PROBLEM DETAILS:
For this exercise, output the line containing "آچار آلن ستاره" and all lines after it to the end of the records, exactly, with no other content.

MATERIAL PROVIDED:
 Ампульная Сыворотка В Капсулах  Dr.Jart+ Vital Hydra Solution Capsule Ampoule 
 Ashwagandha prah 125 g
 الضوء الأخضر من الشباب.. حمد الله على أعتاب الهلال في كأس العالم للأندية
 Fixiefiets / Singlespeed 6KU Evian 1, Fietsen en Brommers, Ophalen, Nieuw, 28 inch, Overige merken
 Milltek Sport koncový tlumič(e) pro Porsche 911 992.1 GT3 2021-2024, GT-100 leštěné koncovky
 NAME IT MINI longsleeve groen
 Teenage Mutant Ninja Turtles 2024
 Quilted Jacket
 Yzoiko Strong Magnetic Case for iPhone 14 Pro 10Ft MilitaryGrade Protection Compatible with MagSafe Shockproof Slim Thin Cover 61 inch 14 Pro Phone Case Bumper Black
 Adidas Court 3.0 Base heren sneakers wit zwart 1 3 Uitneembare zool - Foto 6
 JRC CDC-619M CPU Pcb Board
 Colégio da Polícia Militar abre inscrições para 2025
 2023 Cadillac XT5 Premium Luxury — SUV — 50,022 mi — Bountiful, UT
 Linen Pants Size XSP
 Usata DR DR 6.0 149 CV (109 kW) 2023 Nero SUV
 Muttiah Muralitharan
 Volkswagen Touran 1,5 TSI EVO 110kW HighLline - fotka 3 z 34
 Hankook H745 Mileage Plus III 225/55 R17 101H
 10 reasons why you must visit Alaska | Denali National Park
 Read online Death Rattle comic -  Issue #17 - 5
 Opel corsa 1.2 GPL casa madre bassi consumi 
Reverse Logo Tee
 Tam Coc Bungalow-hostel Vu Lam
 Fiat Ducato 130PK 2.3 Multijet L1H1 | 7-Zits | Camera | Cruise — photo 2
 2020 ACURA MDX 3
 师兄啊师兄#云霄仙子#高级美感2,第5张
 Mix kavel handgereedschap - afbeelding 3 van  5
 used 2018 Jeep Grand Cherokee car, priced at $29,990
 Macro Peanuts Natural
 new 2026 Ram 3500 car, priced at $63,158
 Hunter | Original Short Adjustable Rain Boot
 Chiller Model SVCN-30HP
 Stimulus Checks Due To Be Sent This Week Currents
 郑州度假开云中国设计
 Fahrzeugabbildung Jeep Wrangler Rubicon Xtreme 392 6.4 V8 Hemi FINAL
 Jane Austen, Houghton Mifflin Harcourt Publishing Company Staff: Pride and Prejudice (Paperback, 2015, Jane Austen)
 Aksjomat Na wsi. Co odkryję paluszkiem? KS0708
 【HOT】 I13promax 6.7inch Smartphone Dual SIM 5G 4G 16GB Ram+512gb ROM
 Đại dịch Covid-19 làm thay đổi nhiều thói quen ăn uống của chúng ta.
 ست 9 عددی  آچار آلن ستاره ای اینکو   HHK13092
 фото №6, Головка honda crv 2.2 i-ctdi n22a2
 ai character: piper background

WORKED SOLUTION:
 ست 9 عددی  آچار آلن ستاره ای اینکو   HHK13092
 фото №6, Головка honda crv 2.2 i-ctdi n22a2
 ai character: piper background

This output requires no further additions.